Records to use:
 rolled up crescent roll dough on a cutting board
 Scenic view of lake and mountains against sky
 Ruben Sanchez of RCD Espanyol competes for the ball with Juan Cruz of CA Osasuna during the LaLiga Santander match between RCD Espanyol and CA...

---

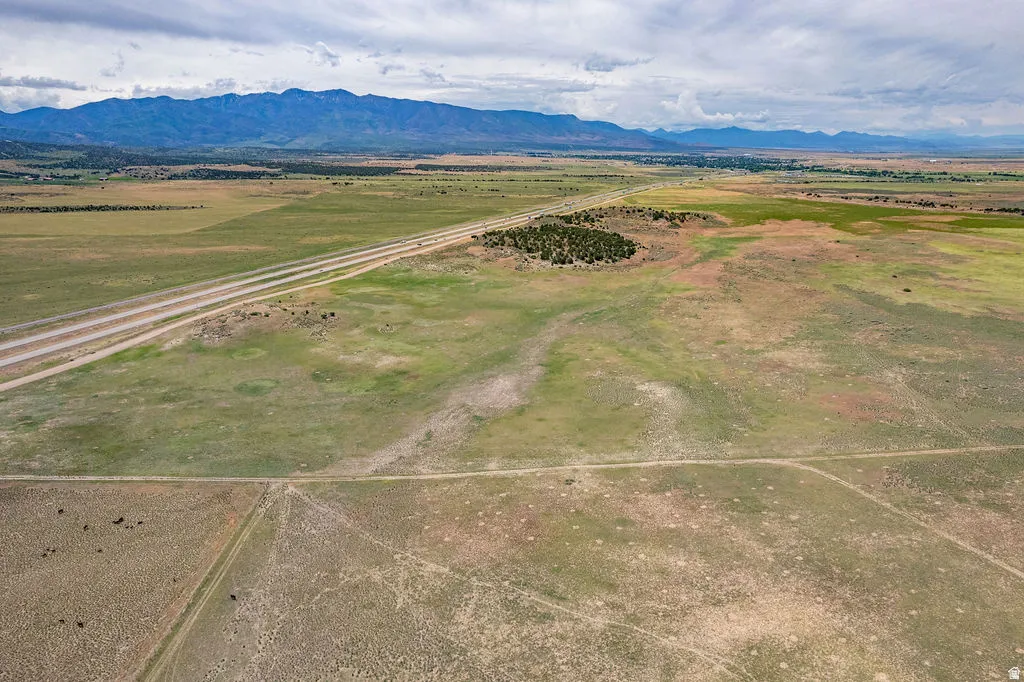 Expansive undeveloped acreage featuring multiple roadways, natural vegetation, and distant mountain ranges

...

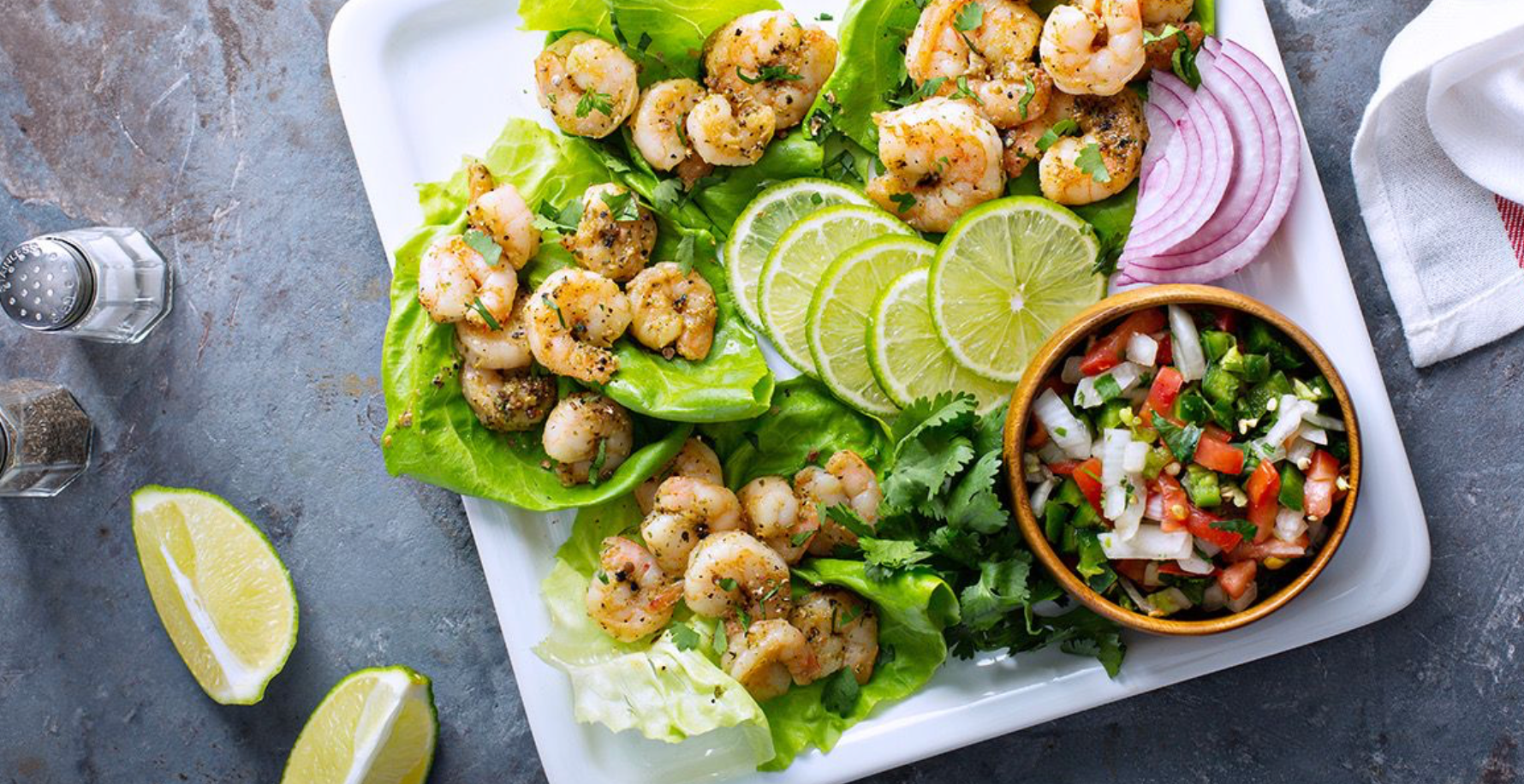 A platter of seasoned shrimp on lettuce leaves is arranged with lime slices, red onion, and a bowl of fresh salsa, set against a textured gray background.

Directions: Could you restate, word for word, the lines above from the one with "Scenic view of" to the one with "Ruben Sanchez of", both included?

Completed exercise:
 Scenic view of lake and mountains against sky
 Ruben Sanchez of RCD Espanyol competes for the ball with Juan Cruz of CA Osasuna during the LaLiga Santander match between RCD Espanyol and CA...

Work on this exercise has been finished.